The global financial markets tanked again as the financial crisis goes global - even Iceland is facing a serious crisis. Wall Street's reaction to the $700 billion financial bailout Congress approved last week has been a massive selloff. And that's leading some to ask if the bailout fails, then what? So goes an article in today's San Francisco Chronicle that suggests what we really need is economic stimulus that gets at the underlying causes of the financial crisis:
When the housing market boomed, so did consumption. With housing in free fall, people have tightened their belts, which has created a ripple effect on all sorts of businesses. Getting more money into consumers' hands is an obvious way to spur spending.
"I think we're going to need some serious fiscal stimulus," said Dean Baker, director of the Center for Economic and Policy Research in Washington, D.C. He said that might include money going to state and local governments, more spending on infrastructure and more unemployment insurance. "It has to be big money, bigger than the last round," he said, referring to the stimulus package enacted earlier this year.

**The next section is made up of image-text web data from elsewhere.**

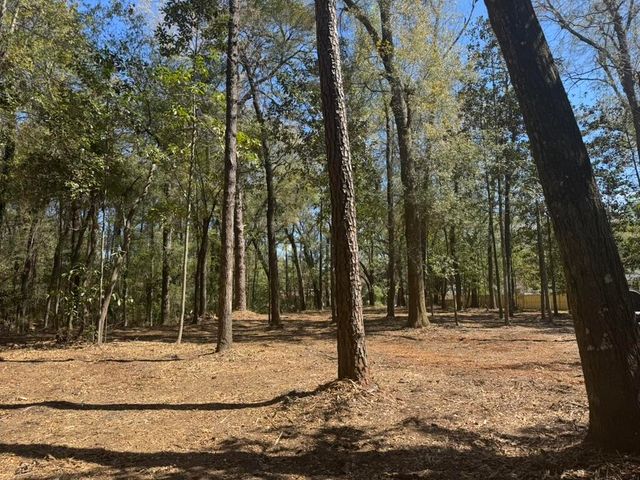 0 Klein Street, Walterboro, SC 29488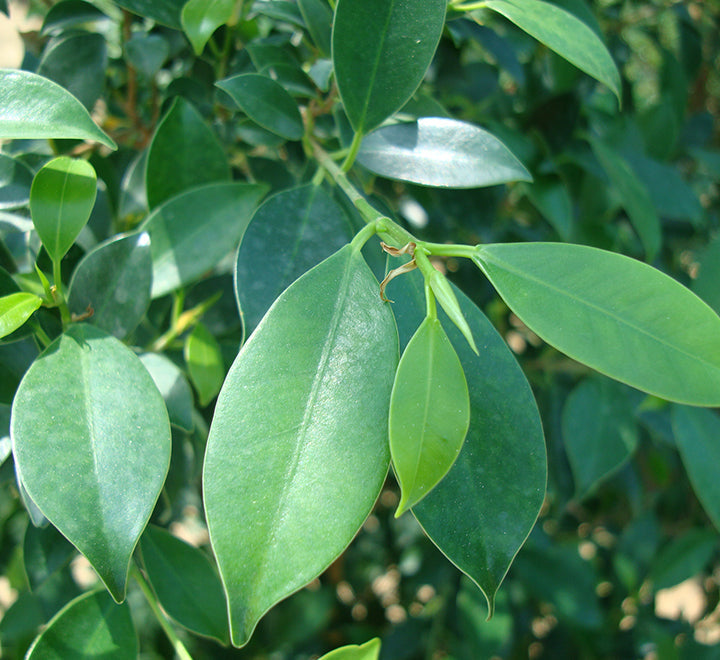 Ficus nitida or Indian laurel fig and Chinese banyon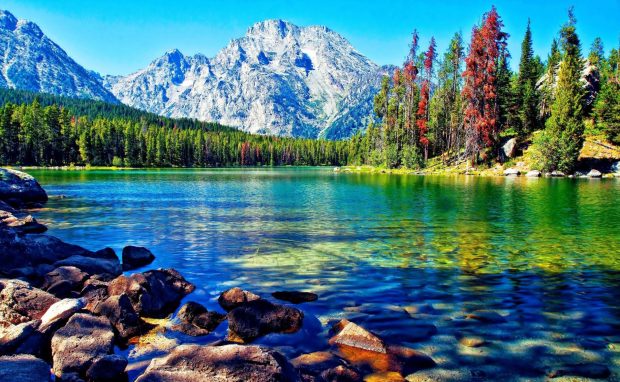 Beautiful lake mountain forest desktop wallpapers 1920x1200.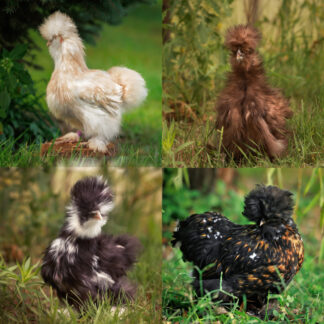 Silkie chicks for sale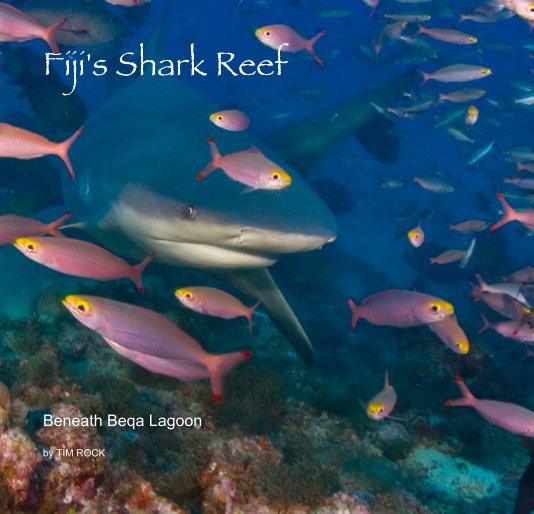 View Fiji's Shark Reef by TIM ROCK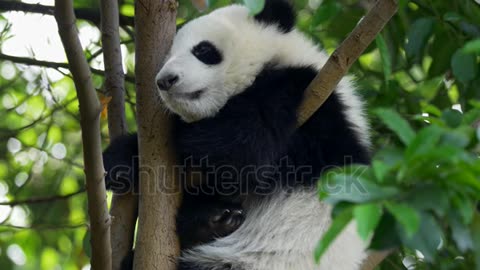 Baby panda dozing off. A funny panda bear falling asleep sitting on a tree in the green.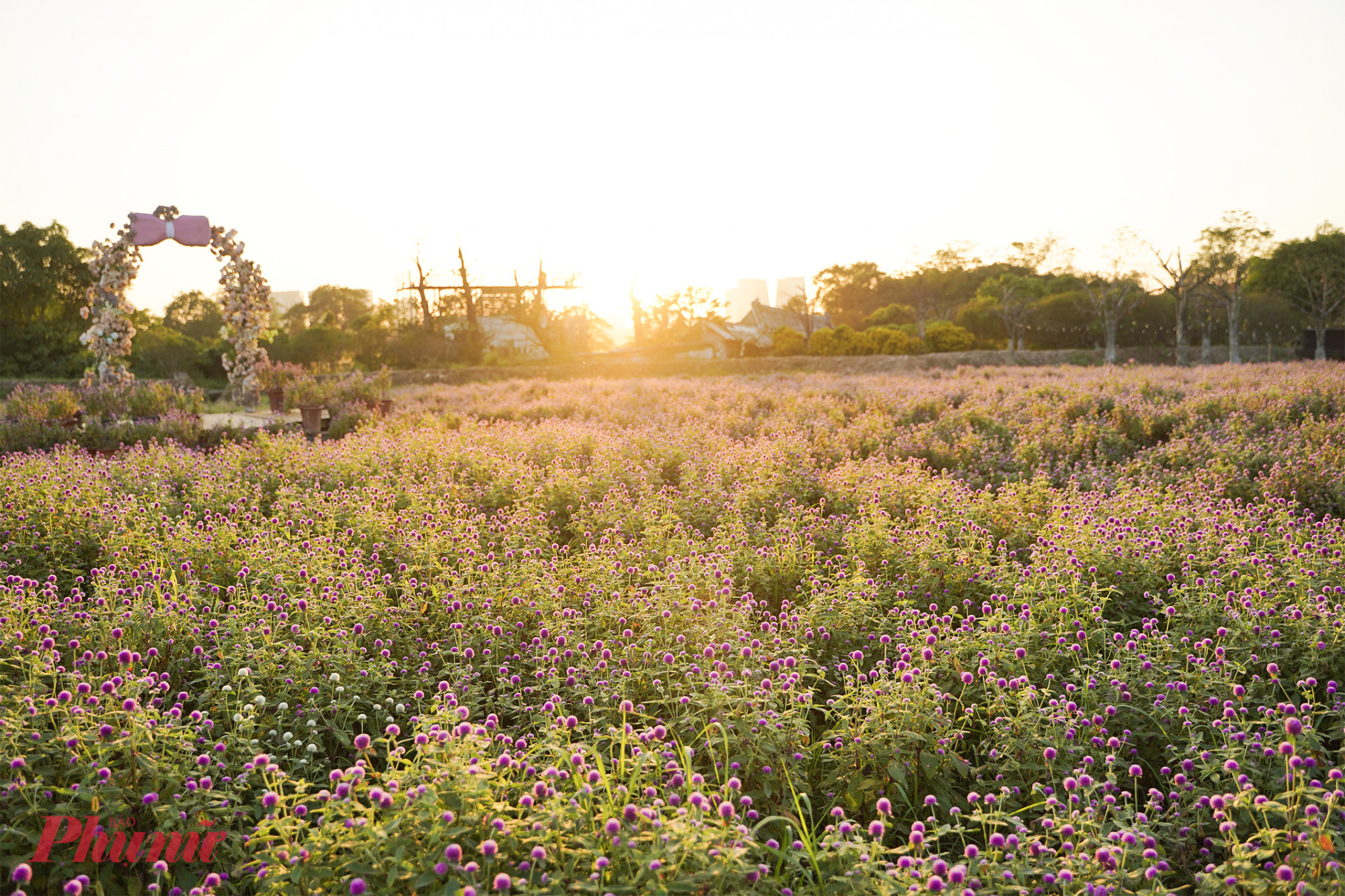 Thời điểm đẹp nhất trong ngày để chụp ảnh với cúc bách nhật là buổi chiều khi mặt trời lặn, nắng vàng mật ong chiếu xuyên qua cánh hoa tạo nên màu hồng đậm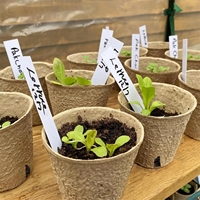 3.1 Pots de tourbe avec étiquettes végétales biodégradables pour semis avec trous de drainage Pots de pépinière de plantes de jardin Plateaux de départ de semences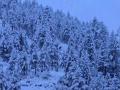 J&K Weather Update: Heavy Snowfall in Doda’s Bhalesa, Authorities Advise Residents to Stay Indoors - Hindi News | J&K Weather Update: Heavy Snowfall in Doda’s Bhalesa, Authorities Advise Residents to Stay Indoors | Latest national News at Lokmattimes.com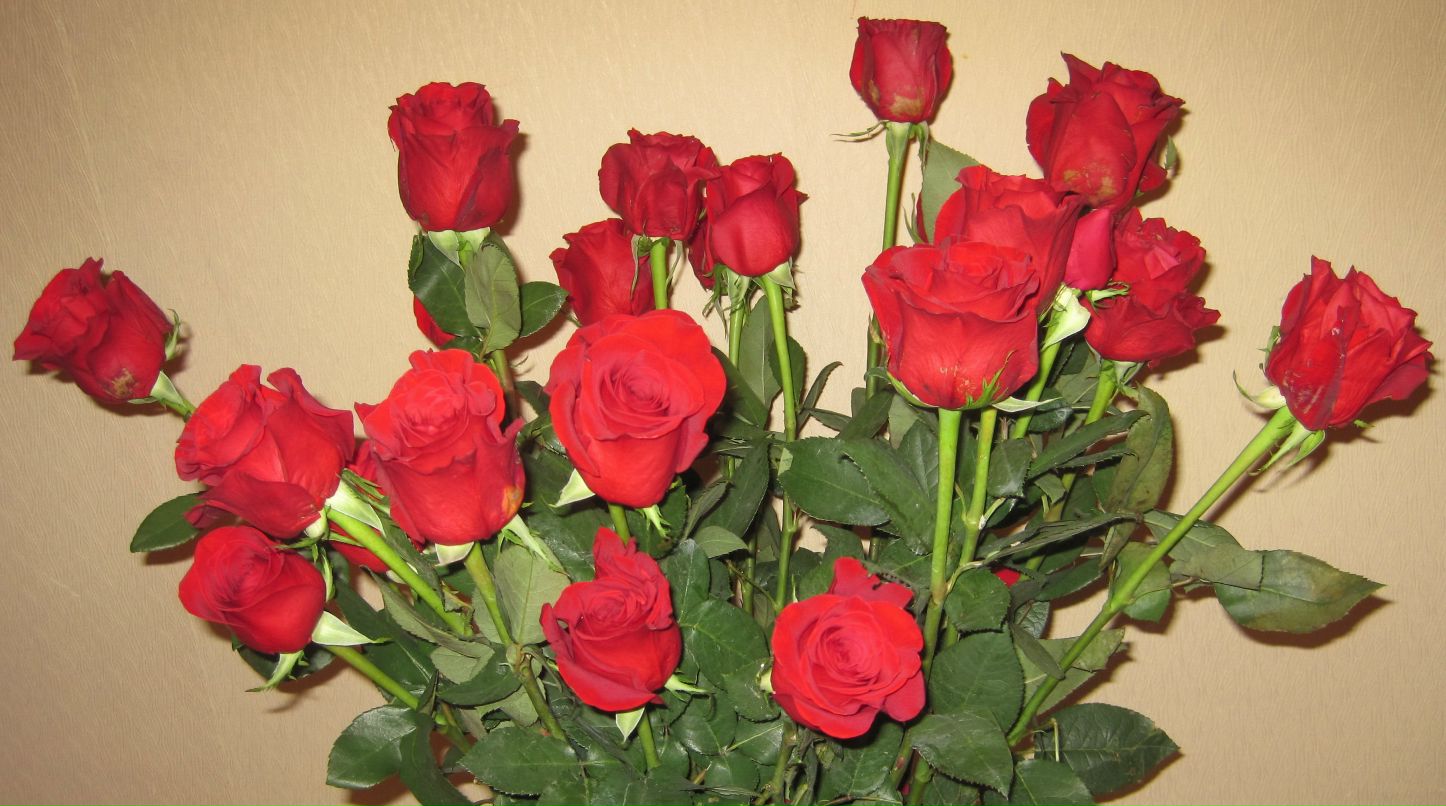 Инна И фотография #40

Mike Lehmann, emeritus professor of economics at the University of San Francisco, said he thinks massive tax cuts for individuals, coupled with a massive increase in federal expenditures to create jobs, would stimulate overall consumption. "If you look at it as a serious emergency, we might be willing to increase the deficit," he said. "In one fell swoop we already increased the deficit by $700 billion, although there's a chance some of that will get repaid."
Both Dean Baker and Mike Lehmann might well be referring to something like Proposition 1A, which would help create exactly that kind of stimulus. 160,000 construction jobs is nothing to sneeze at in a state facing 7.7% unemployment and desperately in need of an economic boost.
HSR deniers never speak of these issues. To them the economic situation merely suggests we should kill HSR and do nothing, even though overdependence on oil is one of the root causes of this crisis. California faced exactly this same situation in the Great Depression, and voters chose to approve bonds for the Golden Gate Bridge and Shasta Dam anyway. Affordable borrowing to build long-term infrastructure that provides for short-term jobs and stimulus needs is exactly what this state needs to get going again. It's a proven solution that can work for us today.